- _DATASET CONTENT_
== Segment start ==
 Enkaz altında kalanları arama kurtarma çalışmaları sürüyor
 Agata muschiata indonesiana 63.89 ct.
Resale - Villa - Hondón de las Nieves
== Segment end ==
== Segment start ==
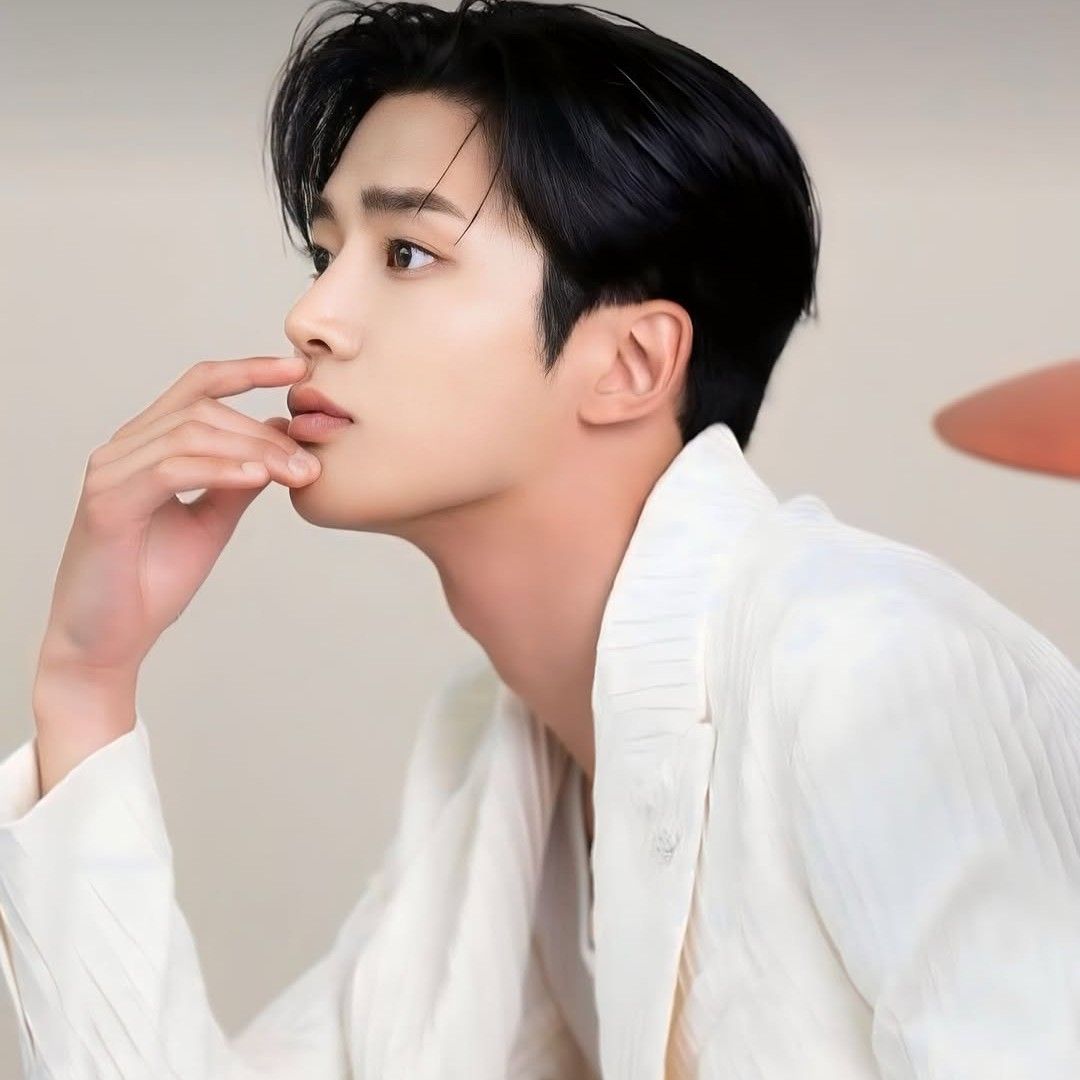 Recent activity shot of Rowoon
== Segment end ==
Lines to set down from above: the line with "Enkaz altında kalanları", the line with "Resale - Villa - Hondón de las Nieves", and every line between, each exactly as written.

 Enkaz altında kalanları arama kurtarma çalışmaları sürüyor
 Agata muschiata indonesiana 63.89 ct.
Resale - Villa - Hondón de las Nieves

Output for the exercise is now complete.